Please read our adoption guidelines before you apply to adopt **

The Humane Society for Campbell County, Inc.
P. O. Box 659
Rustburg, Virginia 24588



Looks like the HS is courtesy posting...
I also looked up the Pound's contact info:
http://www.petfinder.com/shelters/VA475.html
Appomattox County Animal Pound 
P.O. Box 863 
3074 Morning Star Road 
Appomattox, VA 24522 
Phone: 434-352-7922

Looks like the HS helps in adopting the dogs as this Pound can only adopt locally...but if outside the county...the dog is tranferred to the HS to be adopted through them...
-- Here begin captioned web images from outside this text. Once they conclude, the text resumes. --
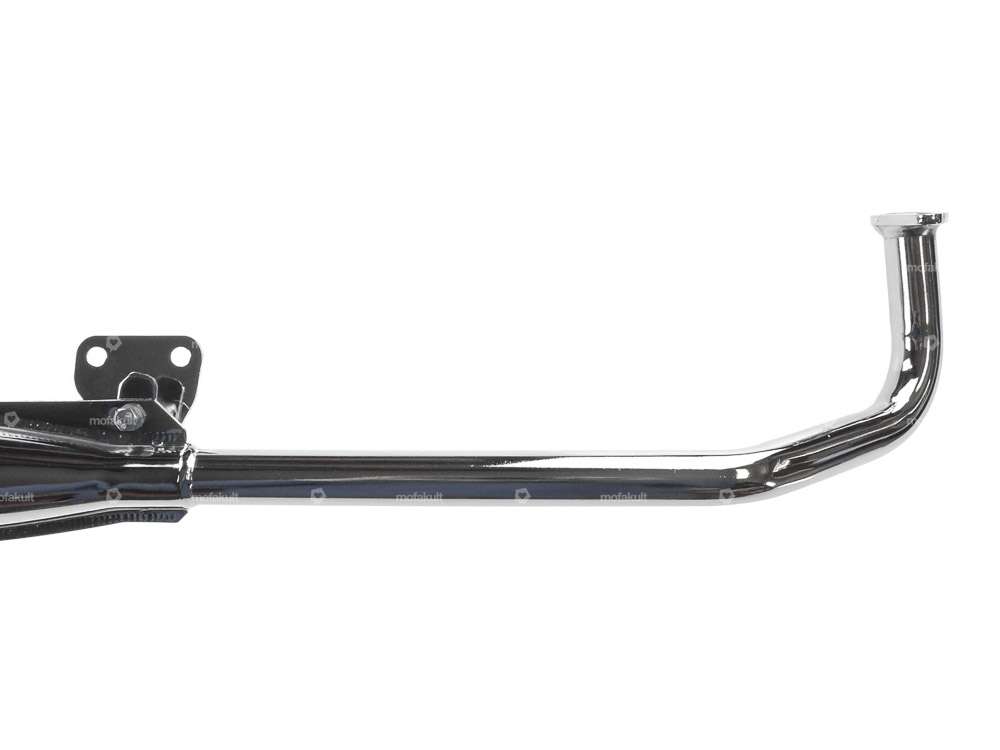 Auspuff 25 mm gerader Auslass Chrom | Tomos Carousel Image 2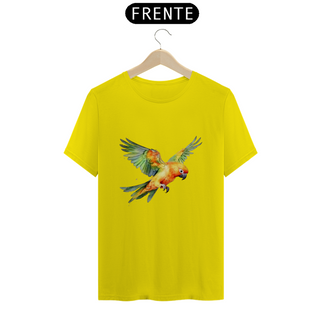 Nome do produtoT-Shirt Papagaio Voando em Aquarela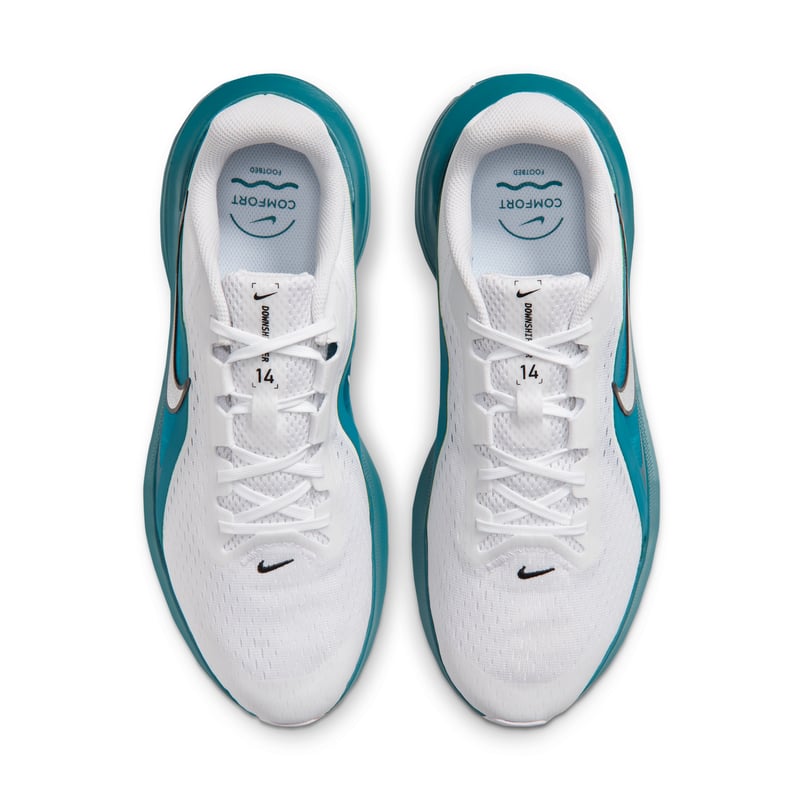 Обувки Nike Downshifter 14 "White & Bright Spruce" | Мъже | Бягане | 04 | SPORTSHOWROOM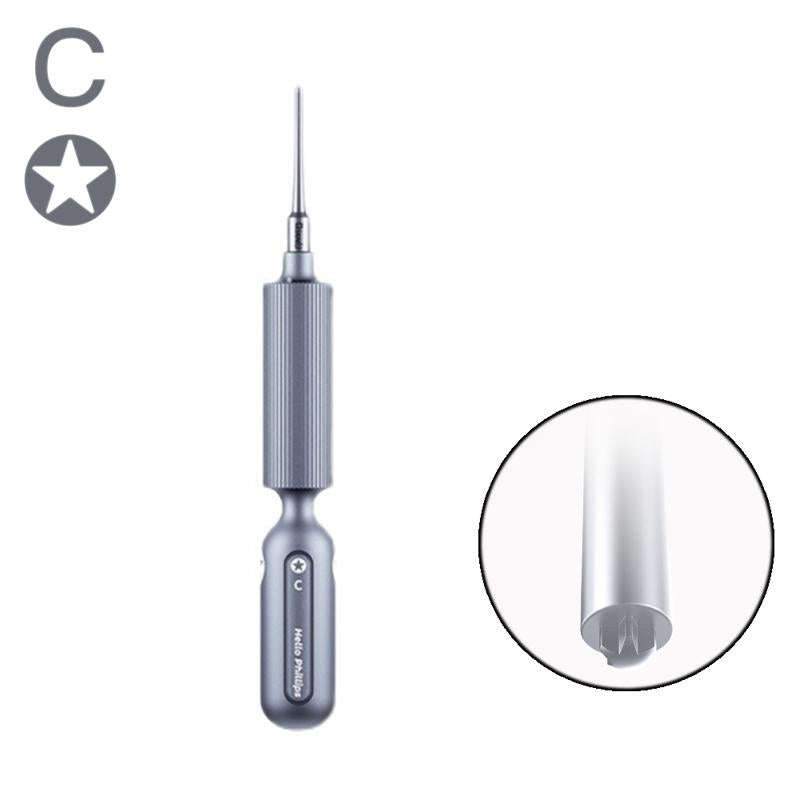 Qianli Super Tactile Grip-Type Precision Silent Dual-Bearing Screwdriver, Series: Type C Pentalibe
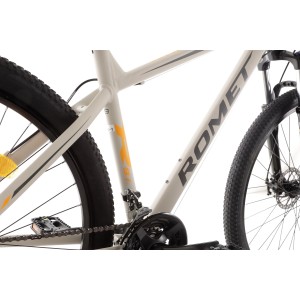 Rower górski Romet Rambler R9.1 - szaro-czarno-pomarańczowy 2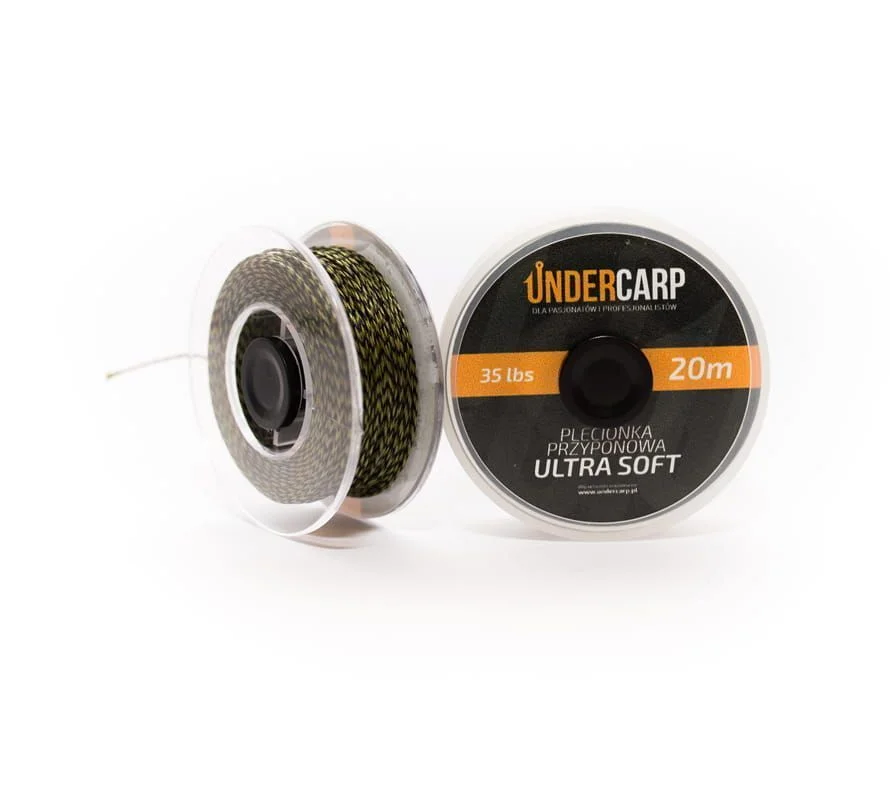 Wyprzedaż Undercarp Plecionka przyponowa 20 m 35 lbs ULTRA SOFT zielona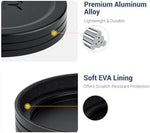 JJC lightweight aluminum alloy cap highlighting its ultra slim profile design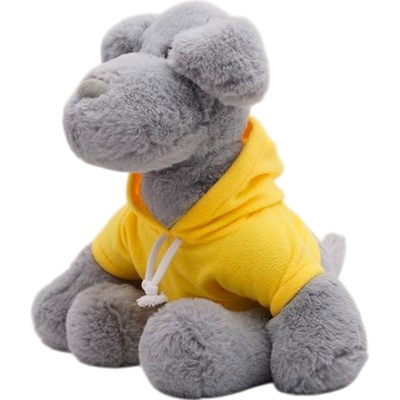 Собака Гриша желтое худи, шарики для мел. мотор. 30/40 см 049530S-18 - фото 69873897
"The adoption fee is only $5.00 for cats and dogs. You must sign an Adoption Agreement that states you will spay/neuter your pet within 30 days of adoption, if applicable. Appomattox County can only adopt out to Appomattox County residents and residents in adjoining counties. However, we are able to transfer animals to Humane Societies and Rescue Groups. Once an animal is transferred, adoption fees will reflect Rescue or Humane Society's adoption fees. If you have any questions about our adoption policy or need information, please email us at http://[email protected]"


----------



## staxi2 (Oct 18, 2007)

very pretty


----------



## VALIUM (Nov 15, 2007)

Wowww, how easy to give up on a dog for people. How can they feel ok after they dump their baby? Just for one snap and give up the dog. I can't understand this guys, anyway it makes me feel really sad.


----------



## elly1210 (Jan 4, 2009)

what a beautiful girl, 5.00 adoption fee wow, I know nothing is done for the dog but wow...I hope someone can pull this pretty girl


----------



## elly1210 (Jan 4, 2009)

still listed and URGENT


----------



## Sue F (Oct 3, 2007)

I got Remington from this shelter....the humane society is great to work with.


----------



## lakota757 (Apr 10, 2008)

What a beautiful face! I just do not understand!!


----------



## ncgsdmom (Jun 24, 2008)

Big Bump!! Looks so eager...like she is waiting to be given a mission!!


----------



## maggs30 (Aug 5, 2008)

Look at that HUGE tongue! LOL! Anybody want some kisses!?!?


----------



## lakota757 (Apr 10, 2008)




----------



## lakota757 (Apr 10, 2008)

*Re: RUSTBURG,VA-F-ISABELLA-6YR-#1225851 VERY FRIEN*


----------